A big congrats to our colleague Laura Hanson, the new Executive Director of the brand new Jordan River Commission. Created in June of 2010, the Jordan River Commission is looking for ways to improve the conditions surrounding the river, and to make the Jordan River an asset for all the communities lining the corridor.  Laura has several years’ experience with all kinds of planning projects, and brings a diverse skill set to the table. We wish her all the best!

Salt Lake Tribune Article

New director looks to improve Jordan River

By Jason Bergreen

The Salt Lake Tribune

Laura Hanson is excited to be the new executive director of a commission formed last year to preserve and protect the Jordan River.

“The Jordan River Commission is officially open for business, and we’re excited to move forward,” commission Chairman Corey Rushton said last week.

Hanson knows she has her work cut out for her.

She and the commission plan to start coordinating with a slew of municipalities, government agencies and community partners to explore the best ways to govern, protect and develop areas along the river.

“I’m just trying to get my arms around it all at this point,” said Hanson, who became the Jordan River Commission’s director on March 15.

Officials from 11 entities have signed on to the Interlocal Commission: Davis, Salt Lake and Utah counties; North Salt Lake; South Salt Lake; West Valley City; Taylorsville; Cottonwood Heights; Sandy; Draper; and the Jordan Valley Water Conservancy District.

The commission grew out of Envision Utah’s blueprint for the Jordan River. That blueprint includes plans for a nature preserve stretching more than 20 miles and encompassing open space and natural parks; a continuous trail from Utah Lake to the Great Salt Lake to be used by pedestrians, cyclists and equestrians; lake-to-lake boating; river habitat preservation and restoration; and public transportation, including new TRAX stops, among other options. A more healthy ecosystem, in general, is the goal.

Rushton said the Jordan River has been abused since the pioneers got to Utah.

“We need to clean it up and make it a natural resource,” he said.

The first step is for the commission to begin prioritizing projects and determine what agencies will participate and where money will come from to help pay for them. Hanson will then implement the projects.

Hanson is recognized by the American Institute of Certified Planners as a professional planner with 10 years of community and environmental planning experience. She has managed numerous long-term planning projects in Utah, Idaho and Nevada. One of her strengths is her ability to manage and facilitate diverse groups, Rushton said.

Hanson has bachelor’s degrees in urban planning and environmental studies, as well as a master’s in urban planning, from the University of Utah.

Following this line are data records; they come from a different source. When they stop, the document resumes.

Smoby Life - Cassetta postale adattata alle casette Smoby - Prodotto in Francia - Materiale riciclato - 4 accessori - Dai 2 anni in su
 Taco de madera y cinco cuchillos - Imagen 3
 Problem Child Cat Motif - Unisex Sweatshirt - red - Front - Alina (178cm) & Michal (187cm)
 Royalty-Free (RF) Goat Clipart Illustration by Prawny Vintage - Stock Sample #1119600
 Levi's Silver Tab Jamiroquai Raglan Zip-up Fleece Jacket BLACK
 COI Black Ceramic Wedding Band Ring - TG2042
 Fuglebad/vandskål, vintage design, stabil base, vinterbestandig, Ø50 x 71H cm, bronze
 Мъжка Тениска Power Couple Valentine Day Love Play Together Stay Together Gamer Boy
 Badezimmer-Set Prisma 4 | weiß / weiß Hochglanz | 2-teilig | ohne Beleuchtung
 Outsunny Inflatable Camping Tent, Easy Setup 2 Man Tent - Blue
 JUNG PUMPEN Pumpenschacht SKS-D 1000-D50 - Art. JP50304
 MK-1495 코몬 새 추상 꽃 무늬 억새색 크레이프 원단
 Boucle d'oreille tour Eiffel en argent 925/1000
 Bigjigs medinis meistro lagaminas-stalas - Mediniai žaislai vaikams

Rushton described Hanson as a politically savvy person with great organizational and planning skills who is adept at forging partnerships.

“She’s a very crucial piece of this commission,” he said. “She just seems to have a [way] of bringing all things together.”

Commission member and South Salt Lake City Councilman Irvin Jones described Hanson as a jack of all trades who has a broad background in planning.

“She seems to have a lot of accomplishments in such a short time,” he said.

Jones said he anticipates getting the trail finished from Utah Lake to the Great Salt Lake. He sees the Jordan River used for multiple purposes by everybody.

“It will be a good balance between the tree-hugger and the mom and families that just want to go for a hike,” he said.

Since its inception in June 2010, the Jordan River Commission has been filling vacant seats on the board, soliciting financial contributions and “trying to set up the business end of all this,” Hanson said.

The board is still seeking community partners to join the commission as ex officio members. An application process is under way, and about 10 people and entities have shown interest in the past few weeks. The commission will meet April 7 at the Utah Cultural Celebration Center, 1355 W. 3100 South, West Valley City, to discuss applicants, among other things.

Hanson has begun meeting with board members and plans to sit down with all of them to hash out the commissions top priorities.

“I want to build trust and show good intent [to the public] with this commission,” she said.